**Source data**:
• • • • • • •

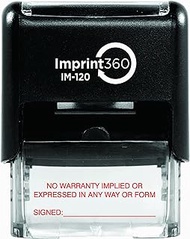 Supply360 AS-IMP1059 - NO WARRANTY IMPLIED OR EXPRESSED IN ANY WAY OR FORM W/Signature Line, Heavy D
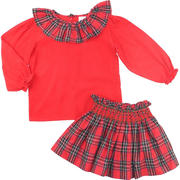Smocked Plaid Skirt Set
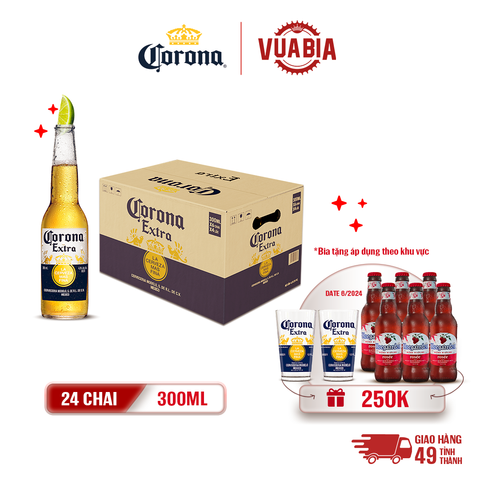 [FREESHIP] Bia Corona Extra Thùng 24 Chai 300ml - Tặng Khui Bia Corona + Lốc 6 Chai Hoegaarden Rosee  [Date 06/2024]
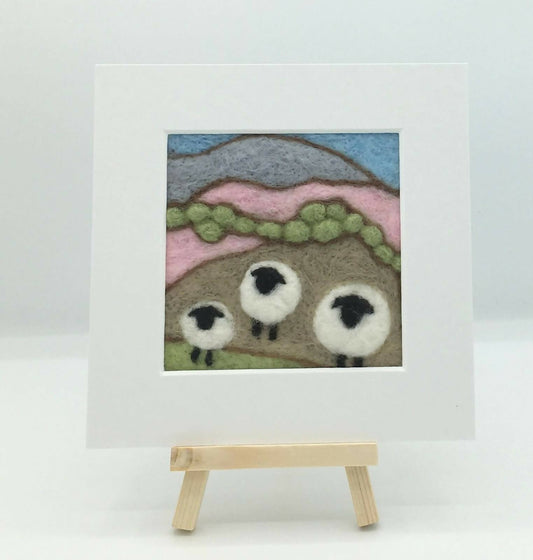 Sheep Scene Mini Felted Picture Kit - CraftSource Market: Craft Supplies & Kits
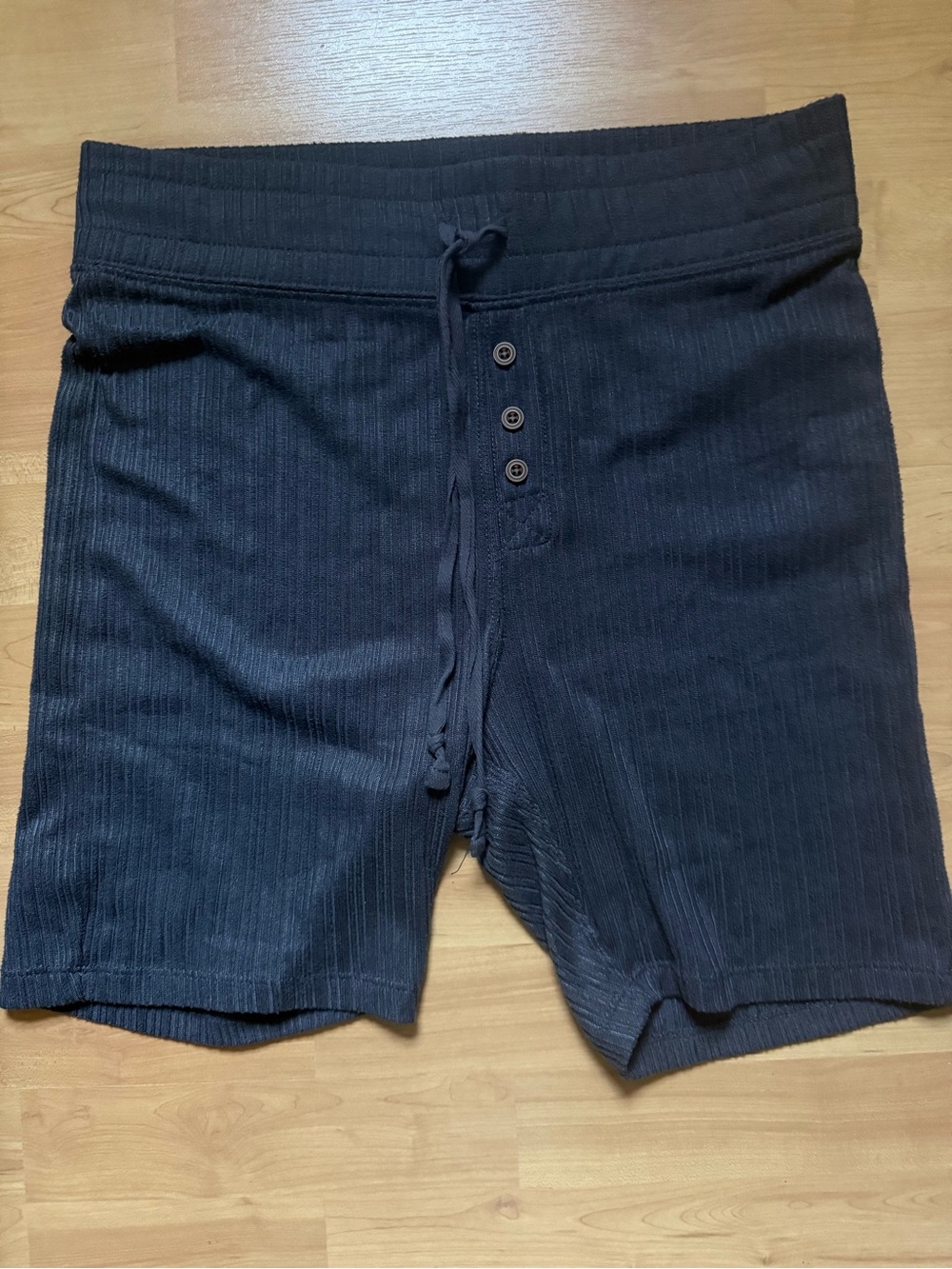 Dark gray Ribbed Knit Lounge/Pajama Shorts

• • • • • • •

Your task is to set down every entry exactly, leaving out any picture it contains.

 Supply360 AS-IMP1059 - NO WARRANTY IMPLIED OR EXPRESSED IN ANY WAY OR FORM W/Signature Line, Heavy D
Smocked Plaid Skirt Set
 [FREESHIP] Bia Corona Extra Thùng 24 Chai 300ml - Tặng Khui Bia Corona + Lốc 6 Chai Hoegaarden Rosee  [Date 06/2024]
 Sheep Scene Mini Felted Picture Kit - CraftSource Market: Craft Supplies & Kits
 Dark gray Ribbed Knit Lounge/Pajama Shorts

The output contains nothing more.